End of post.
Okay, not really. I will elaborate on this one.
When I shared my Antiquing Wax tutorial, a reader asked if you can repaint over a waxed surface. I have heard a lot of people say you can’t paint over wax, but I’ve painted over wax numerous times, so let’s throw the “can’t” word out the window.
If you paint over wax that is “wet” (even though wax isn’t really wet) or hasn’t had time to cure, the chance of the paint resisting or reacting to the wax is greater. This can be a positive thing with milk paint if you want chipping, flaking, crackling, etc. If you want the paint to stick, though, it’s important to wait for the wax to cure.
The standard cure time to almost all paints and finishes is 30 days and that’s true of wax as well.
Once it has cured, you can paint over it, which is a nice option if you’re someone who is fickle or perhaps you just like to change things up now and then.
I would suggest giving the piece a light sanding, just to scuff up the finish and give the surface “tooth” for the new layer of paint to grab onto. Wax can be a slippery surface for paint to grip.
The corner cabinets in my dining room and the buffet are all painted in milk paint over wax and there wasn’t a bit of chipping or trouble with adhesion.
I did notice the paint distressed a bit easier, because of that wax barrier, but that ended up working in my favor.
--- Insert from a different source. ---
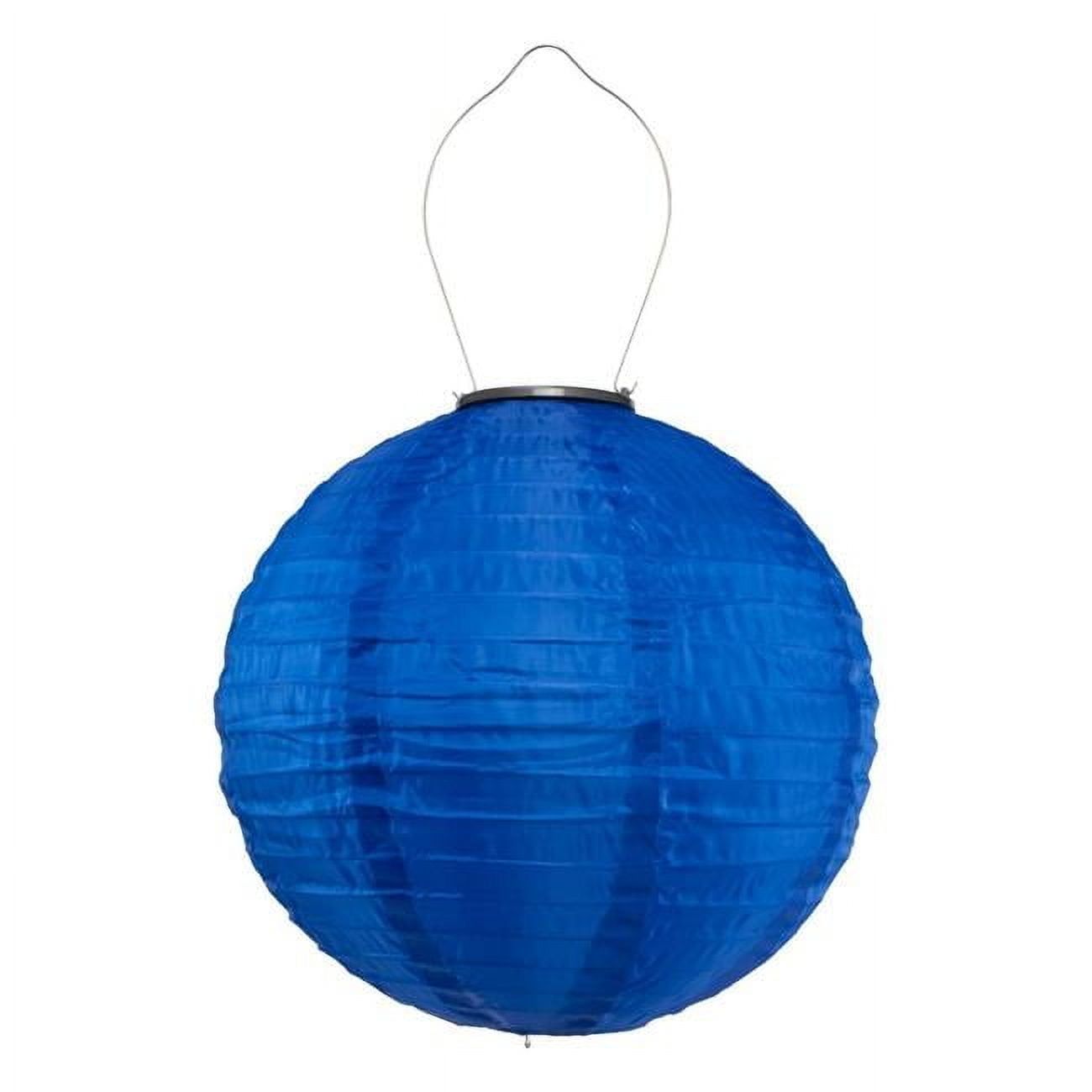 Cerulean Blue 12" Nylon Solar Lantern with LED Light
The first landscape dresser was also painted over wax.
The piece was originally painted in Schloss for the Look Book Two photo shoot, but after it hung around the studio for a while, I decided to paint it again.
We did end up with some chipping and crazing on that one, but that had more to do with the finish under the first coat of paint than the last coat of paint over the wax. If you notice, it chipped all the way down to the wood.
So, just allow the wax to cure, give it a light sanding and you’re good to paint away!